Deklarasyona göre, her iki Kore de kara, deniz ve hava dahil her alanda birbirine yönelik düşmanca eylemleri durdurucak. Kore Savaşı sonrası birbirinden ayrılan aile bireyleri için 15 Ağustos’ta yeniden bir araya gelme organizasyonu yapılacak. Sınırda ortak irtibat ofisi açılacak. Aktif işbirliği, ziyaretler ve her alanda iletişim teşvik edilecek. Özel tarihlerde ortak etkinlikler düzenlenecek. 1 Mayıs itibarıyla iki ülke arasındaki askerden arındırılmış bölge (DMZ) bir “barış bölgesi”ne çevrilecek. Uluslararası spor organizasyonlarına, 2018 Asya Oyunları’nda olduğu gibi, birlikte katılınacak. Sınırdaki propaganda hoparlörleri sökülecek ve propaganda broşürleri artık dağıtılmayacak.
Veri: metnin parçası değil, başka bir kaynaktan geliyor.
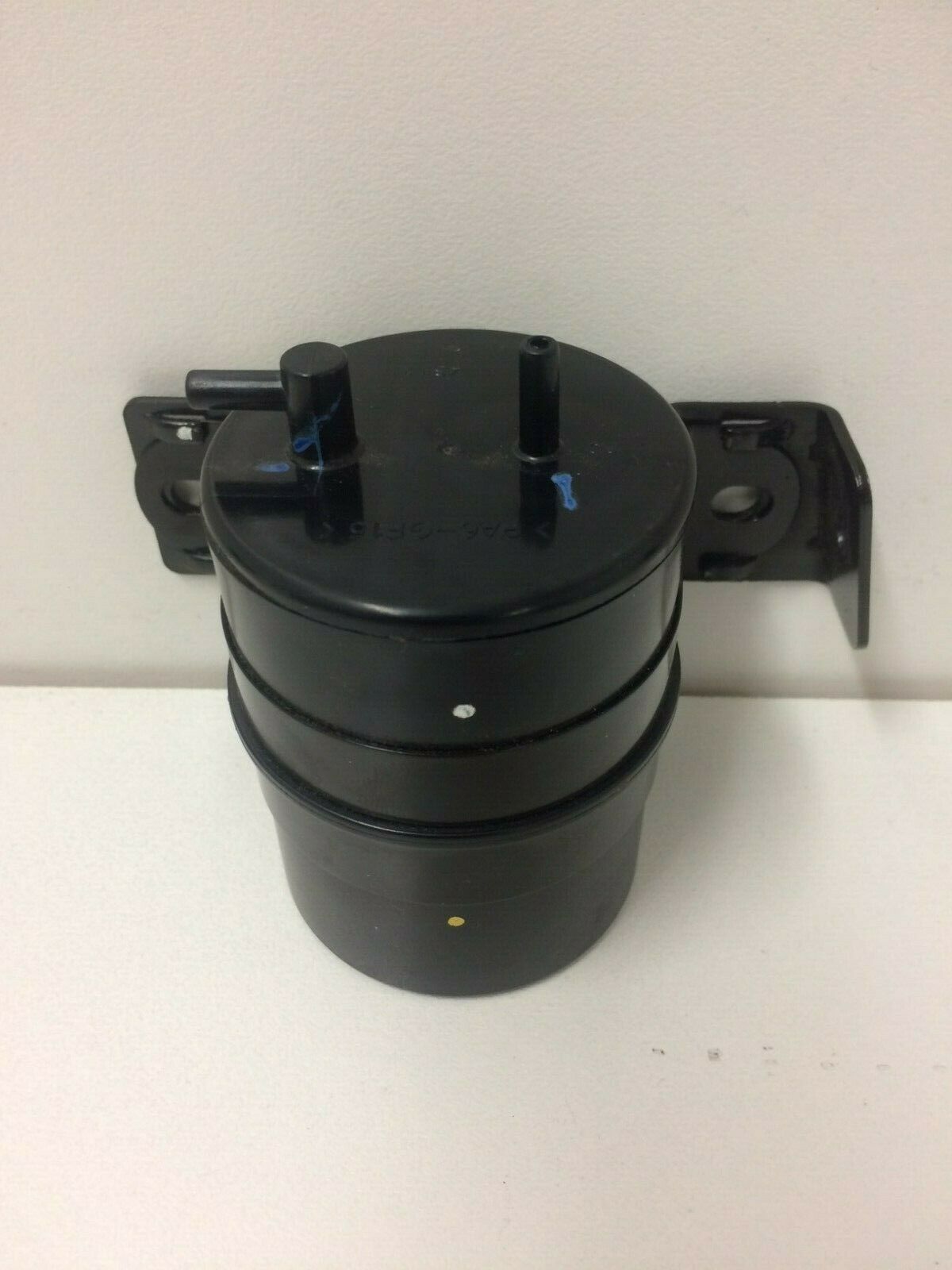 Genuine Holden Cruze & Captiva Diesel Air Bypass Vacuum Pump Tank - Replacement Part for Improved Engine Performance & Fuel Efficiency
Taraflar askeri konuları çözmek amacıyla düzenli olarak savunma bakanlıkları düzeyinde toplantılar gerçekleştirecek. Generaller düzeyinde askeri görüşmeler yapılacak.
Taraflar, savaşı sonlandırma ve kalıcı ve sağlam bir barış sağlama amacıyla ABD’nin katılımıyla üçlü ya da ABD ve Çin’in katılımıyla dörtlü görüşmeleri aktif şekilde takip etmekte de mutabık kaldı. İki Kore nükleersiz bir Kore Yarımadası yaratma ortak amacını gerçekleştirmek için yarımadanın nükleer silahlardan tamamen arındırılmasını onayladı.
Savaşlar çağında barış mı?
Tüm bu gelişmelerin, Trump’un ifadesiyle “bir dünya sorununu çözmek” ya da “barış ve refah” sağlamakla alakalı bir değişimi ifade ettiği iddia edilmektedir. Oysa bunun temelsiz bir iddia olduğunu görmek için dünyadaki tabloya kabaca bakmak yeterlidir. Trump yönetimi, ABD emperyalizminin çıkarlarını geliştirmek ve Asya-Pasifik’teki konumunu, rakibi olan Rusya ve Çin karşısında güçlendirmek derdindedir. Adı geçen öteki emperyalist güçler de aynı amaç peşindedir. Söz konusu olan şey, Rusya ve Çin ile sınırı olan Kore Yarımadası üzerinde Kuzeydoğu Asya’da emperyalist egemenlik uğruna rekabetin giderek sertleşiyor olmasıdır. Zira ABD’nin yükselen bir küresel güç olarak Çin’i kendi küresel egemenliği önündeki başlıca engel olarak gördüğü bilinmekte ve bölgede, Çin’in etkisini ortadan kaldırmak, değilse de geriletip sınırlamak için çok yönlü adımlar atılmaktadır. Zaman zaman “Çin ile savaşmamız kaçınılmazdır” diyen ve geçtiğimiz aylarda, ticaret savaşı tehditlerini savuran ABD’nin “bir dünya sorununu çözmek” ya da “barışı” sağlamak gibi bir sorunu elbette ki yoktur.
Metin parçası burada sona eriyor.